If OldGen is close to being full, reduce memory used for caching:
spark.memory.fraction=0.4
It’s better to cache fewer objects than to slow down task execution.
Since Spark 4.0.0 uses JDK 17 by default, G1GC is the default garbage collector. With large executor heap sizes, increase the G1 region size:
spark.executor.extraJavaOptions=-XX:G1HeapRegionSize=32m

Practical GC Tuning Example

If your task reads data from HDFS:
  1. Estimate memory used by the task using the HDFS block size
  2. Decompressed block size is often 2-3x the block size
  3. For 3-4 tasks’ worth of working space with 128 MiB HDFS blocks:
    Eden size = 4 * 3 * 128 MiB = 1536 MiB
    
  4. Set Young generation size:
    spark.executor.extraJavaOptions=-Xmn=2048m
    

Other Performance Considerations

Level of Parallelism

Clusters will not be fully utilized unless you set the level of parallelism high enough.
// Specify parallelism explicitly
val data = sc.textFile("hdfs://path/to/file", numPartitions = 100)
val result = data.reduceByKey(_ + _, numPartitions = 100)
Alternatively, set the default:
spark.default.parallelism=200
We recommend 2-3 tasks per CPU core in your cluster.

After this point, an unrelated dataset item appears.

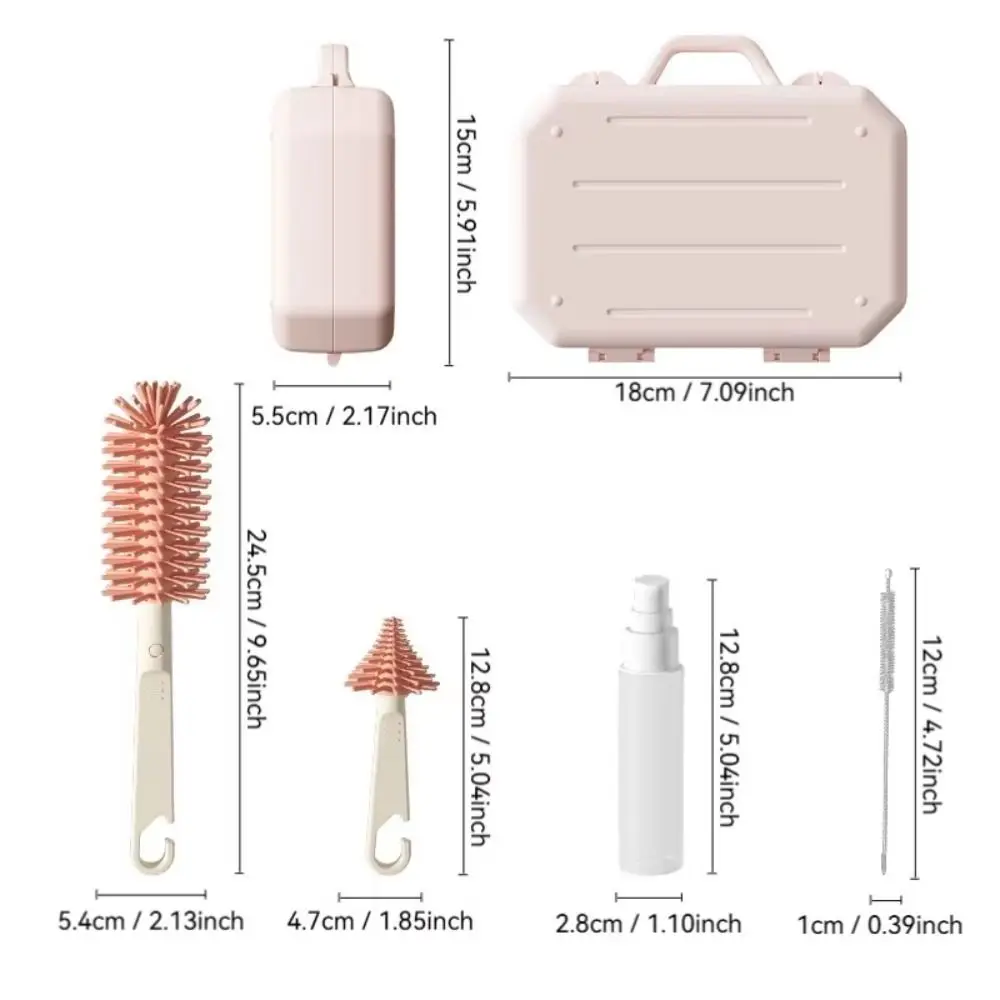 Conjunto de escova de garrafa de silicone portátil bebê fácil de limpar purificador de garrafa chupeta palha lavagem 6 em 1 rack de secagem de garrafa presentes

Parallel Listing on Input Paths

For jobs with large numbers of input directories, increase directory listing parallelism:
# For Hadoop input formats
spark.hadoop.mapreduce.input.fileinputformat.list-status.num-threads=10

# For Spark SQL file-based sources
spark.sql.sources.parallelPartitionDiscovery.threshold=32
spark.sql.sources.parallelPartitionDiscovery.parallelism=10

Memory Usage of Reduce Tasks

If you get OutOfMemoryError in reduce tasks:
1

Increase Parallelism

Increase the level of parallelism so each task’s input set is smaller:
val result = data.groupByKey(numPartitions = 200)
2

Leverage Task Reuse

Spark can efficiently support tasks as short as 200ms because it reuses one executor JVM across many tasks.

Broadcasting Large Variables

Use broadcast variables to reduce the size of each serialized task:
val broadcastVar = sc.broadcast(Array(1, 2, 3))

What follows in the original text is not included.